Sacred Heart Girls' College (SHGC) is an independent Roman Catholic secondary school for girls from years 7 to 12 located in the Melbourne south-eastern suburb of Oakleigh, in Victoria, Australia. It was opened in 1957 by the Sisters of Our Lady of the Missions. The College houses approximately 1000 students.

The school is affiliated with the Alliance of Girls' Schools Australasia (AGSA), as well as the South Eastern Sporting Group (SESG) and the Secondary Catholic Sporting Association (SCSA).

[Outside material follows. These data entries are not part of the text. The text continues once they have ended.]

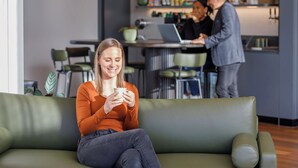 A woman sitting on a green sofa in a modern living room with a laptop on a table in the background. - Punthill Sunshine (Sunshine)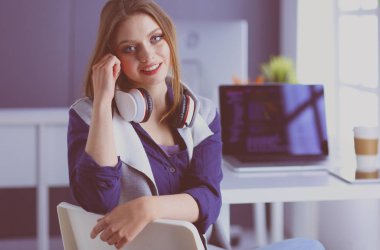 Ofisteki masanın önünde duran genç iş kadını.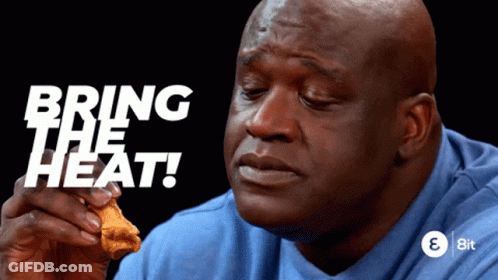 A Man In A Blue Shirt Is Eating A Chicken Wing With The Words " Bring The Heat " Behind Him GIF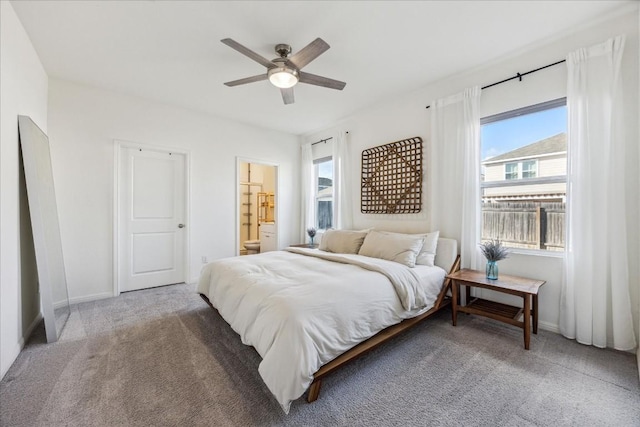 bedroom with connected bathroom, ceiling fan, and carpet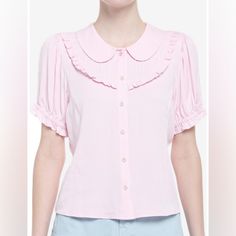 Your Outfit Will Be In Full Bloom With This Adorable Woven Button-Up! Add Something As Sweet As Cherry Blossoms To Your Wardrobe With This Pink Top, Featuring Sakura Buttons Down The Center, A Peter Pan Collar And Bib Detailing Along The Chest. Comes With Puffy Elasticated Sleeves And Princess Seams. 100% Rayon Wash Cold; Dry Low 22" Length Non Stretch Pink Collared Top With Button Closure, Feminine Pink Collared Top, Feminine Tops With Peter Pan Collar And Button Closure, Summer Tops With Peter Pan Collar And Button Closure, Feminine Collared Blouse With Buttons, Feminine Short Sleeve Shirt With Buttons, Feminine Blouse With Collared Neckline And Buttons, Cute Collared Blouse With Button Closure, Feminine Collared Tops With Buttons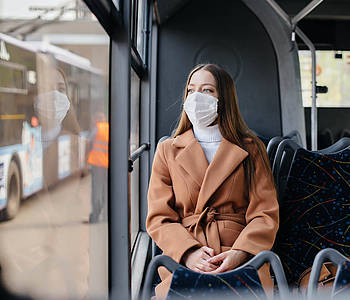 Frau mit Maske sitzt im Bus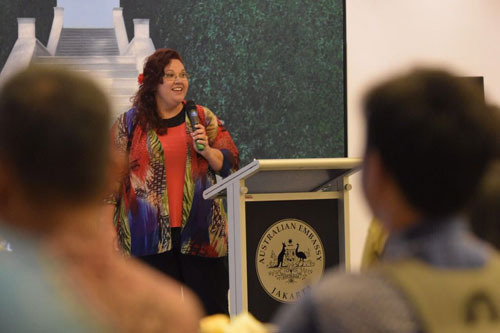 Julie-Ann Lambourne speaking to an audience behind a lectern.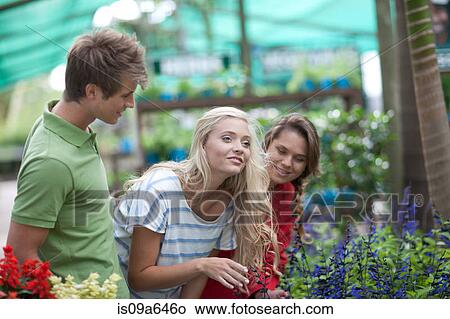 Picture - Friends shopping for plants in nursery. Fotosearch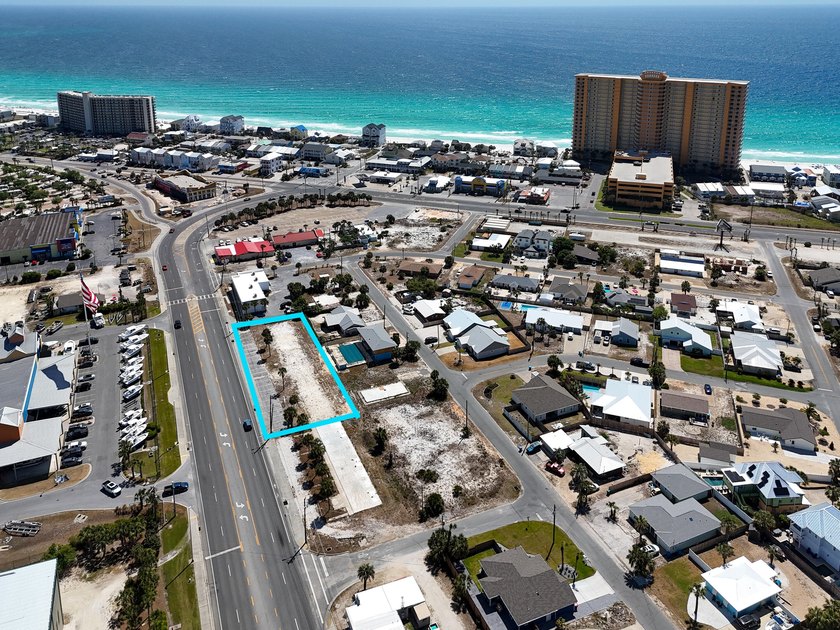 The site features 225 feet of frontage and is zoned C-3, which - photo 8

The school offers the Victorian Certificate of Education (VCE), and consistently ranks in the Top 100 schools in Victoria for VCE, as well as in the Top 10 Catholic schools in Victoria for VCE.

==History==

Sacred Heart Girls' College was founded by the Sisters of Our Lady of the Missions in 1957. In 2017, the school celebrated its 60the anniversary. In 2022, the school celebrated 65 years of educating young women at their current Warrigal Road campus.

== Academics ==
The school is one of 100-odd schools in Australia to teach Indonesian as a second language.

==House teams==
Inter-house competitions remain an integral part of the College's ethos. The four houses with their associated colours are:

The names for the houses were derived from the traditions and heritage of the Sisters of Our Lady of the Missions. The students are placed into one of the houses upon starting at the college.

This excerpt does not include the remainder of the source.